REQUIRED ACTION:
Could you copy every entry exactly, dropping the pictures?

SOURCE DATA:
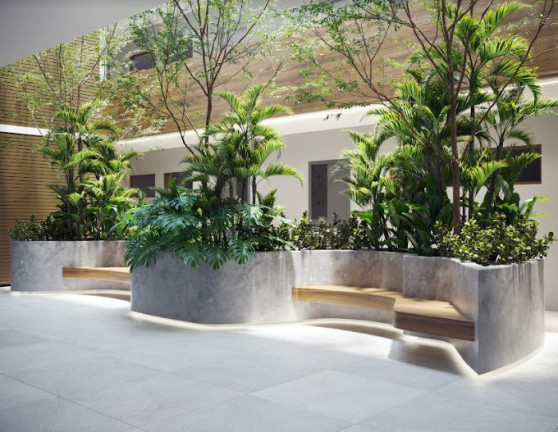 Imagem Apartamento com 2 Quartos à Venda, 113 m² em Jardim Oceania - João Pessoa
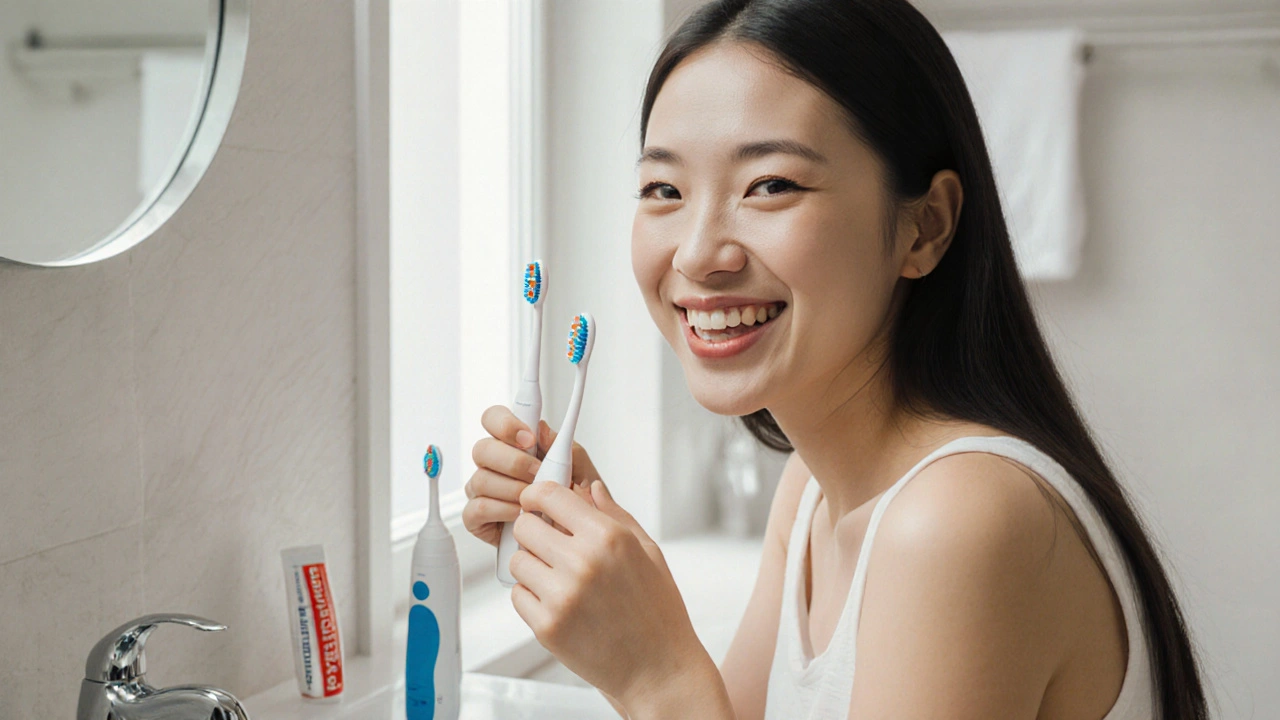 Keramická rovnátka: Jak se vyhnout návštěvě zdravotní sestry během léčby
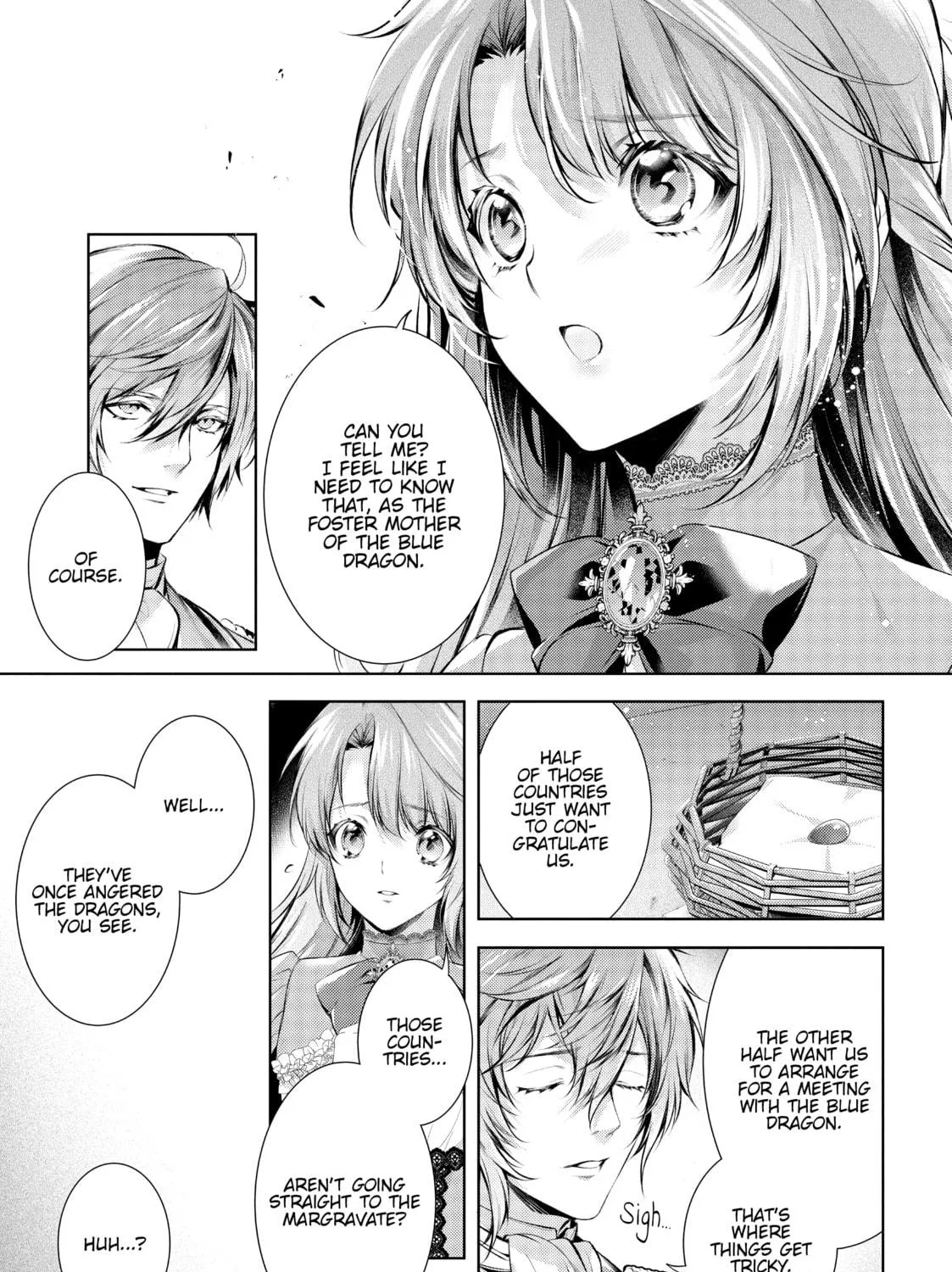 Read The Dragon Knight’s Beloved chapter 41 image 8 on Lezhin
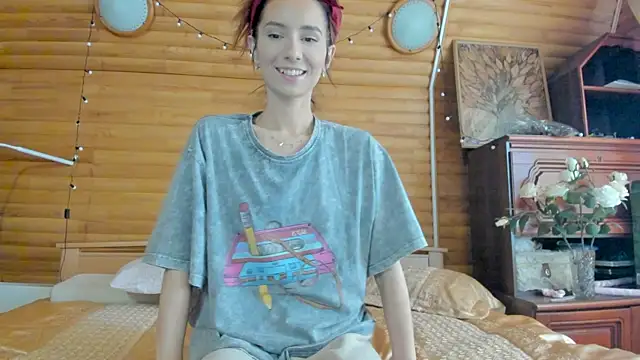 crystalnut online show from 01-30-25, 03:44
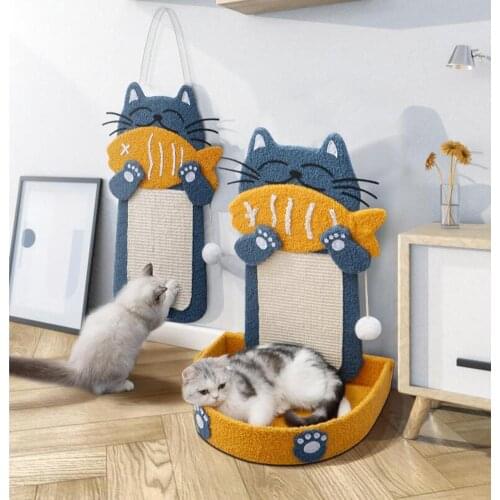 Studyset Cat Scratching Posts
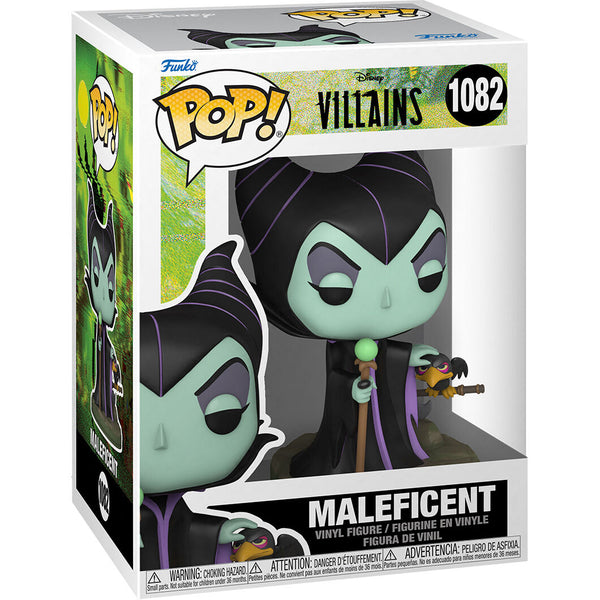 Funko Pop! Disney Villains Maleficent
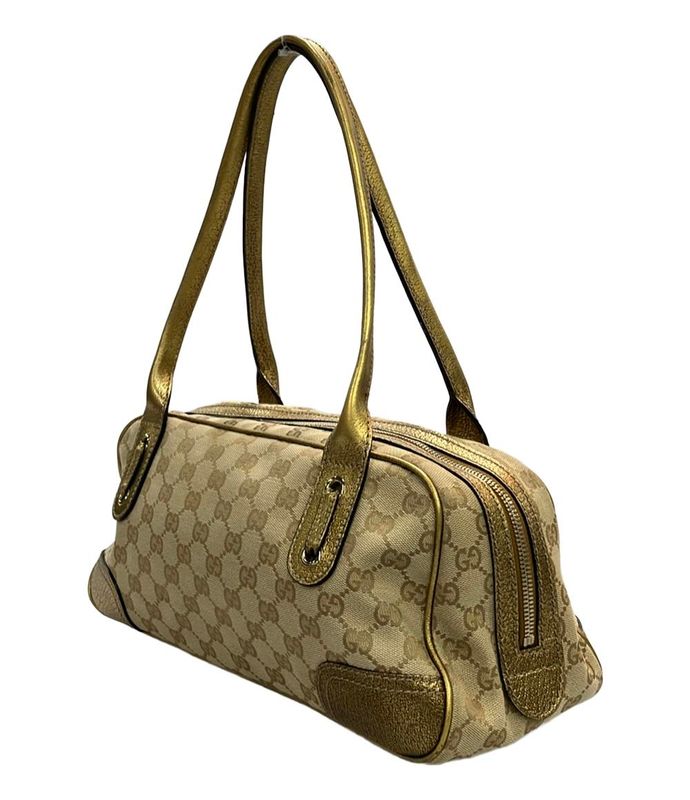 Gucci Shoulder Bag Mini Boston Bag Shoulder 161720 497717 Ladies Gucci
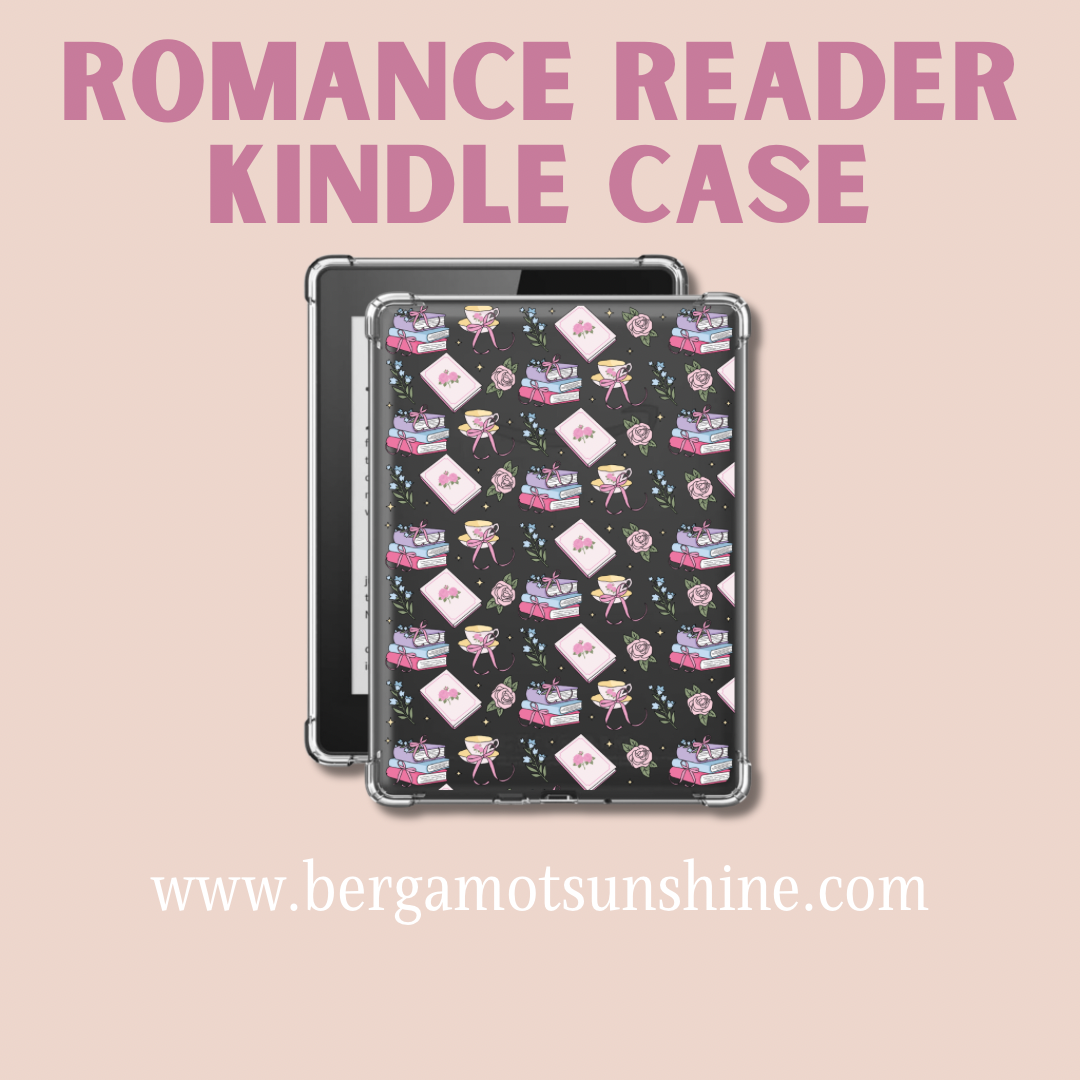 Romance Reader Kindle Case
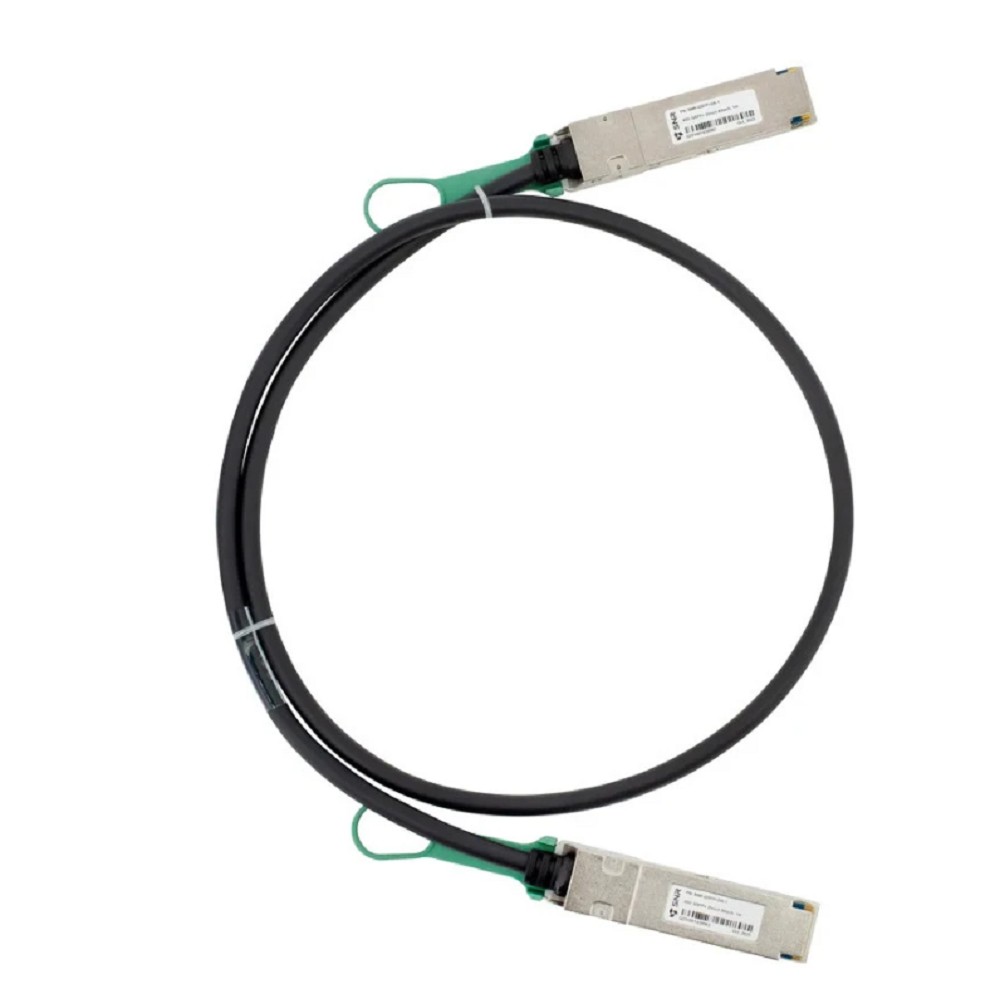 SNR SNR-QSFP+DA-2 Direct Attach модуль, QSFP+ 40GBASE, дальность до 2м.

ANSWER TO THIS TASK:
 Imagem Apartamento com 2 Quartos à Venda, 113 m² em Jardim Oceania - João Pessoa
 Keramická rovnátka: Jak se vyhnout návštěvě zdravotní sestry během léčby
 Read The Dragon Knight’s Beloved chapter 41 image 8 on Lezhin
 crystalnut online show from 01-30-25, 03:44
 Studyset Cat Scratching Posts
 Funko Pop! Disney Villains Maleficent
 Gucci Shoulder Bag Mini Boston Bag Shoulder 161720 497717 Ladies Gucci
 Romance Reader Kindle Case
 SNR SNR-QSFP+DA-2 Direct Attach модуль, QSFP+ 40GBASE, дальность до 2м.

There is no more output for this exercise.